### INSTRUCTIONS TO FOLLOW
Transcribe exactly everything in the data below from the line containing "2009 Easthill, Saskatoon, SK" down to the line containing "Hyundai ix35 SUV", both lines included and nothing further.

********

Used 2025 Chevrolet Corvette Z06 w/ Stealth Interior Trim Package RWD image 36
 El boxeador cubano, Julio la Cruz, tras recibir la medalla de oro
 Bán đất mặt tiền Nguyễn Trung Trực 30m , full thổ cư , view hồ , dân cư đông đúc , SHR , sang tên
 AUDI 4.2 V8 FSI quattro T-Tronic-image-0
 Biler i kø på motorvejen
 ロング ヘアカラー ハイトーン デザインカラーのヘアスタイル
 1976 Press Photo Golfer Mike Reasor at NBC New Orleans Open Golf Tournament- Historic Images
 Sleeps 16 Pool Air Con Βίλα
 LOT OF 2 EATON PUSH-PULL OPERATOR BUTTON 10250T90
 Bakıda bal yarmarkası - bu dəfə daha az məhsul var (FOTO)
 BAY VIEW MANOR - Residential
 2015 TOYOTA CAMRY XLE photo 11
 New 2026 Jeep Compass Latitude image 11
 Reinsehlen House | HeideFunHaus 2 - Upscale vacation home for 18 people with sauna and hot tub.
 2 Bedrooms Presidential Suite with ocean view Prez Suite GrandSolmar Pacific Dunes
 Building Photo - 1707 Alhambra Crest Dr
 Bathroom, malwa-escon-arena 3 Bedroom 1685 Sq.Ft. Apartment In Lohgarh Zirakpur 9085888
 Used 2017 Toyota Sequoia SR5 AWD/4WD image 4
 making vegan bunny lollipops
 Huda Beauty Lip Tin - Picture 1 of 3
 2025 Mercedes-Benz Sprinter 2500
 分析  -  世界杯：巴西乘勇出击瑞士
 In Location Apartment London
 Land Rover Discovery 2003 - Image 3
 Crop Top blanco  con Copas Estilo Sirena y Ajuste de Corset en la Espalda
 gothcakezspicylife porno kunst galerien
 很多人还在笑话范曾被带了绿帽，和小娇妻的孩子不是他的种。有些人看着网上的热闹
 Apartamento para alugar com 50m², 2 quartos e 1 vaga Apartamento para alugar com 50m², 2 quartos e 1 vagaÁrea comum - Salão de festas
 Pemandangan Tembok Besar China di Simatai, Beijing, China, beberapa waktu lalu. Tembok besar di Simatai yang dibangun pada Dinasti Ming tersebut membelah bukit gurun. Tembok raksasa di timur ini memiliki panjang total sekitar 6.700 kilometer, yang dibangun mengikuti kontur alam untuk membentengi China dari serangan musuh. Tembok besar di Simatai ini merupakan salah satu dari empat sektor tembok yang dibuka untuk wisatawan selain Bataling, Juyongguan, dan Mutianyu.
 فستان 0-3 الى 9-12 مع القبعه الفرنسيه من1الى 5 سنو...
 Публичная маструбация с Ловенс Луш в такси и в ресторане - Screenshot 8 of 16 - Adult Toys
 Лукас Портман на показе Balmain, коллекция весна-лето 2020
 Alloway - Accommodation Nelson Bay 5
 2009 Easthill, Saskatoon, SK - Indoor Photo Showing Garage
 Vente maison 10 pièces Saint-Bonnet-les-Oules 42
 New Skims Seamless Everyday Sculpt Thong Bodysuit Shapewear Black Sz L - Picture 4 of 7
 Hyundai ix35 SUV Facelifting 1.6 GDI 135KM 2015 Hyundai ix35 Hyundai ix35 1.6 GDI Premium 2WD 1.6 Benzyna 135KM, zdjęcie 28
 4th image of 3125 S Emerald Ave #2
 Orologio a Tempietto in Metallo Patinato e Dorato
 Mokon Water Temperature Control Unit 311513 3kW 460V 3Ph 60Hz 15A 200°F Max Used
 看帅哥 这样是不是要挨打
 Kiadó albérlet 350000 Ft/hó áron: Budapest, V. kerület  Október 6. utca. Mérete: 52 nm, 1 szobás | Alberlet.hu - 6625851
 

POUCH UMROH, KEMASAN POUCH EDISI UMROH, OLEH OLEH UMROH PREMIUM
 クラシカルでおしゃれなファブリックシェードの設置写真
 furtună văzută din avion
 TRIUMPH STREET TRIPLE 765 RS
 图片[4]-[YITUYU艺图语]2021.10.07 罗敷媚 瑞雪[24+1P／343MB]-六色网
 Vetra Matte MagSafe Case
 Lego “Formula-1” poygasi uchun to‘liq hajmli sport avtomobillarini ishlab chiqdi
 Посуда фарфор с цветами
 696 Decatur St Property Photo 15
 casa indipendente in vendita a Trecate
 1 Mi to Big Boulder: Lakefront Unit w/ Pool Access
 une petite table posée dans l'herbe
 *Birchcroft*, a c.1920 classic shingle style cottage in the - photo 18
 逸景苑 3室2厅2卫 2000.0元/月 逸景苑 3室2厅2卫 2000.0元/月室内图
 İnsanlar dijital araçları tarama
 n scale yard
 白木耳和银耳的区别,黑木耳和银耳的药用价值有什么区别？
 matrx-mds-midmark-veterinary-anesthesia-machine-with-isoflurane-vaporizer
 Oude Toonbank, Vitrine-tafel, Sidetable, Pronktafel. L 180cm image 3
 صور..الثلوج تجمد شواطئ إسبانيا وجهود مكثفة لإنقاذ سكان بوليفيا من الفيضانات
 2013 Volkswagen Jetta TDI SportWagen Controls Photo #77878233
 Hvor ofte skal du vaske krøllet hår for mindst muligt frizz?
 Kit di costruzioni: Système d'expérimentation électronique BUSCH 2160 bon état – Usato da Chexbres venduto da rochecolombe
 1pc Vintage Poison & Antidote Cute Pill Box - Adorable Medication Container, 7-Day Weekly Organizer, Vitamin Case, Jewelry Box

********

### RESPONSE BELOW
 2009 Easthill, Saskatoon, SK - Indoor Photo Showing Garage
 Vente maison 10 pièces Saint-Bonnet-les-Oules 42
 New Skims Seamless Everyday Sculpt Thong Bodysuit Shapewear Black Sz L - Picture 4 of 7
 Hyundai ix35 SUV Facelifting 1.6 GDI 135KM 2015 Hyundai ix35 Hyundai ix35 1.6 GDI Premium 2WD 1.6 Benzyna 135KM, zdjęcie 28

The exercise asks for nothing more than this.